Y es que se estima que, cada semana, cerca de 100 migrantes son deportados y “dejados” a su suerte en Tijuana. Esto dificulta muchísimo tanto la situación laboral como la social en Baja California. Aunado a ello, los migrantes se enfrentan al crimen: al llegar a México primero son robados por las autoridades migratorias de Estados Unidos; después, por las autoridades nacionales, que han hecho del migrante un nuevo mercado negro.
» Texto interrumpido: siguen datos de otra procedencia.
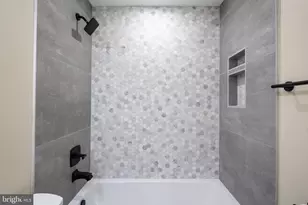 8202 Longpoint Rd, Baltimore, MD 21222 - Photo 21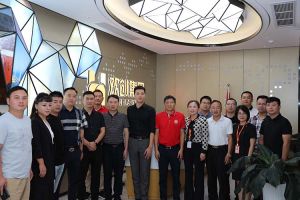 欢迎宜春市团委书记、商会及青企等一行领导莅临华体会体育(中国)HTH·官方网站人力集团指导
Finalmente, se enfrentan al crimen organizado, a las pandillas y al delincuente común.
“Sólo estoy esperando la feria para volverme a cruzar pa’tras. Es que ya sale muy caro, y cruzar de acá ya es imposible. Si no llego en 1 semana me quedo sin chamba allá”, comenta Jorge, con preocupación, quien trabaja como staff para un cine en Los Ángeles. Ésta es la segunda vez que lo deportan. La primera ocasión sucedió hace más de 15 años. Ahora, en un barrio a las afueras de Hollywood, vive con su familia; irónicamente su hija, de 23 años, nacida y educada en Estados Unidos, es policía de tránsito en California.
Sin embargo, para muchos regresar a Estados Unidos no es una opción próxima. Ellos se quedan en Tijuana para trabajar con el riesgo de volver a ser violentados por las autoridades locales que, con cinismo, les roban sus pertenencias y violentan sus derechos humanos.
“Creo que fue lo mejor que pudo pasar… Allá sólo me estaba dedicando a la maldad; ahora sólo quiero regresar con mi madrecita y conseguirme una buena morra para empezar de nuevo…”. Con ilusión y optimismo, Onésimo, de 26 años, espera regresar pronto a su comunidad indígena en Oaxaca para volver a encaminar su vida después de intentar el sueño americano por 8 años. Durante su estancia en Estados Unidos ejerció diversos empleos. Antes de dedicarse al narcomenudeo fue jardinero y albañil.
El sueño americano se ha vuelto una pesadilla. La caída del mercado laboral en Estados Unidos, una creciente y voraz politización de la migración, la introducción de leyes antiinmigrantes en los estados más próximos a México y la cacería de mojados dentro del territorio estadunidense han abierto una guerra silenciosa en contra del latinoamericano.
“Estoy más lejos de donde empecé… Acá no hay dinero ni oportunidades, y regresar a mi casa sale más caro que volverlo a intentar. No puedo dejar la vida que tenía allá, no me puedo quedar más tiempo acá, me molestan por ser como soy, ¿sabes?… Yo no puedo llegar a mi pueblo sin nada”, comenta Charlie, migrante cubano, que como muchos es originario de otras latitudes en Latinoamérica. Su pueblo queda a más de 3 mil kilómetros de Tijuana.
Esto es el sueño americano, así se vive todos los días de este lado debido a la fuerte afluencia migratoria en Tijuana. En la Casa del Migrante sólo se les permite una estancia de máximo 15 días. En ese breve lapso de tiempo ellos tienen que resolver su situación, ya sea al regresar a casa o al volver a intentar cruzar la frontera: allá donde muchos tienen una vida, una familia, un empleo, una oportunidad.